Apart from that minor quibble, this installment of The Odyssey was okay, better than it has been, although it still raises some questions in my mind about, well, everything.
When we last left Odysseus, he'd been really sad and really hungry and was telling the Phaeicians, who were kind enough to feed him after he snuck into their palace invisibly and hugged their queen around the knees, that he was too hungry to tell them what the heck he was doing here.
In this installment, Odysseus recounts, at length everything that has happened to him, for a couple of pages, practically retelling the entire story so far. Hence, my gripe.

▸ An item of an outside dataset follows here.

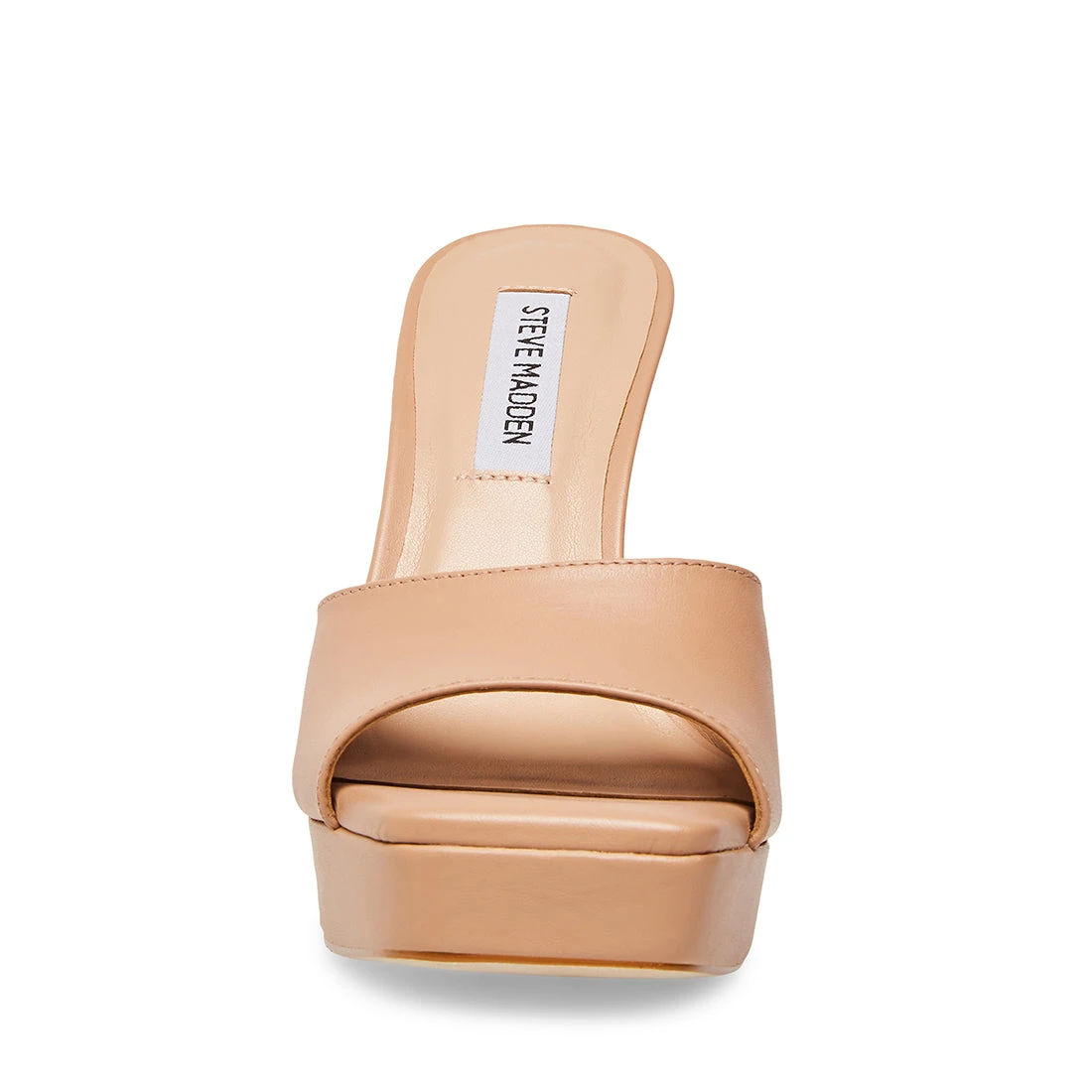 JESSICA BLUSH LEATHER 3 JESSICA BLUSH LEATHER - Image 3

What's interesting though is that Odysseus tells the Phaeicians that Calypso, his captor, had wanted to make him immortal and keep him there forever, which is the first the reader has heard of that. Penelope must be one heck of a woman, or Odysseus must be superloyal, if he is able to resist the allure of a demigoddess who wants to make him immortal... except, remember, the two slept together anyway before he left.
Upon hearing his story, the king of Phaeicia reacts pretty much exactly the way we all would. He says to this total stranger interloper who just told a remarkable story about being kidnapped by the gods: "Well, so would you like to marry my daughter, or just go home?"
Seriously: Alcinous, the king of Phaecia, offers his daughter to Odysseus, who he has just met, and whose story he hasn't verified at all, but says that if Odysseus doesn't want that, he can just use "two and fifty" of Antinous' best men to row him home.
Odysseus takes the latter option, and so they all go to bed and the next day is marked by first choosing those 52 guys to row the stranger home, and then there is a feast and a song about the Trojan War that makes Odysseus cry because he is in touch with his feelings, and then the Phaeicians gather to hold a mini-sports competition so that Odysseus will go home and tell everyone how great Phaecia is at everything.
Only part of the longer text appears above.